As we surpass 19 years since that tragic ambush, there exists no better time to reflect on how those circumstances continue to shape our reality. There are a myriad of ways that Americans annually mark the devastating events of 9/11, including candlelight vigils, permanent memorials, and solemn gatherings and ceremonies.
Counter-intuitively, some benefits stemmed from the tragedy, including the breakdown of Al Qaeda and other terrorist organizations, advances in surveillance and military technology, and the uniting of practically all individuals around the world during a period of economic and political unrest. Of course, 9/11 also spurred an economic downturn, Islamophobia, and the increased deportation of racial minorities.
9/11’s legacy has spurred many political and social leaders each year to make special statements dedicated to the lost lives.

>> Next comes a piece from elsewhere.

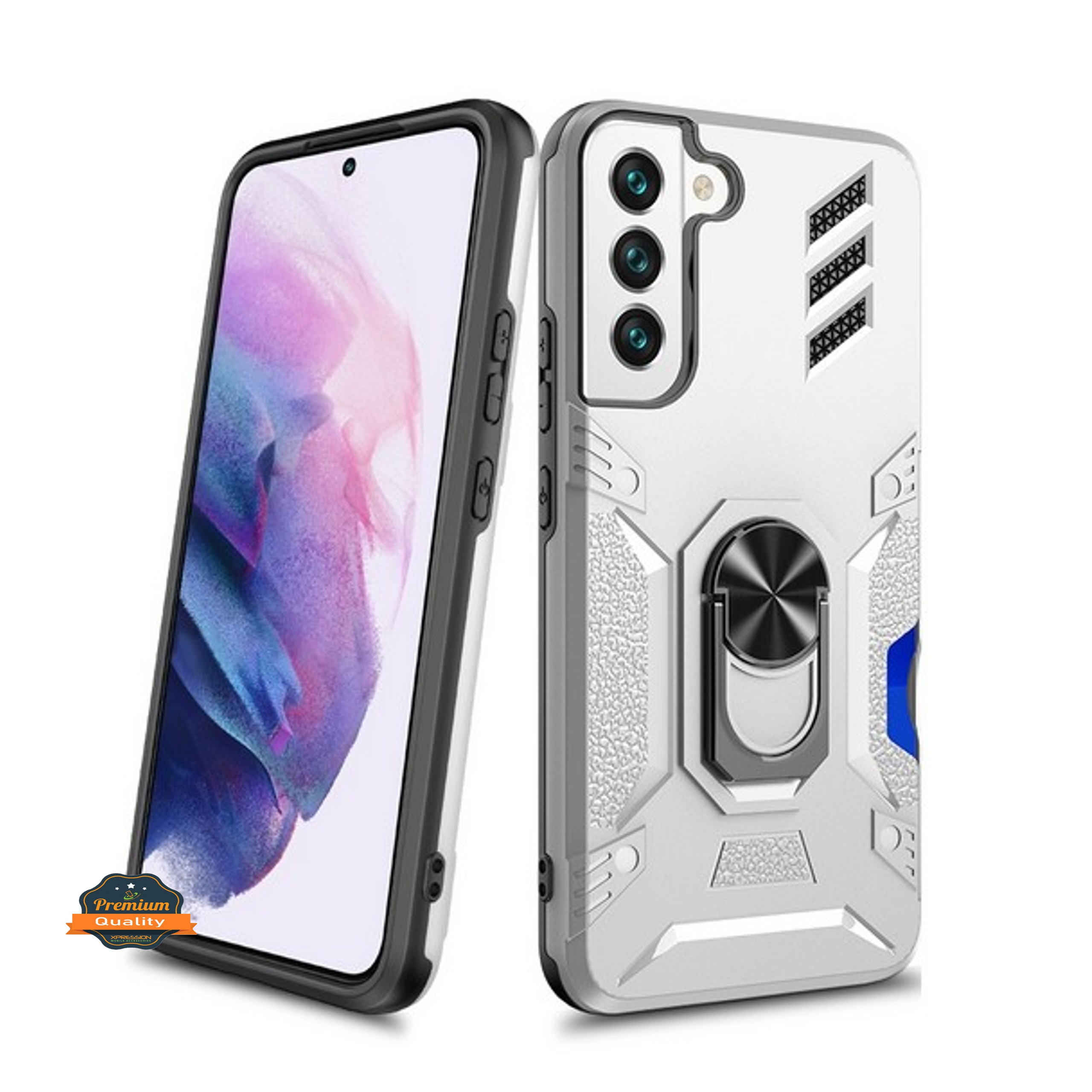 For Samsung Galaxy S22 Ultra Invisible Wallet Card Holder Ring Stand Case Cover - Picture 33 of 37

For instance, former president, Barack Obama, articulated “Today we remember the lives we lost on 9/11. Even the smallest act of service is a way to honor them.” New York’s own Governor, Andrew Cuomo, proclaimed, “Today, as we have for the past nineteen 9/11 anniversaries, we stand together in remembrance.” In fact, even democratic nominee Joe Biden and vice president Mike Pence crossed paths and acknowledged one another at the 9/11 memorial in New York City, displaying that even rivals can come together in remembrance of a day that changed the world.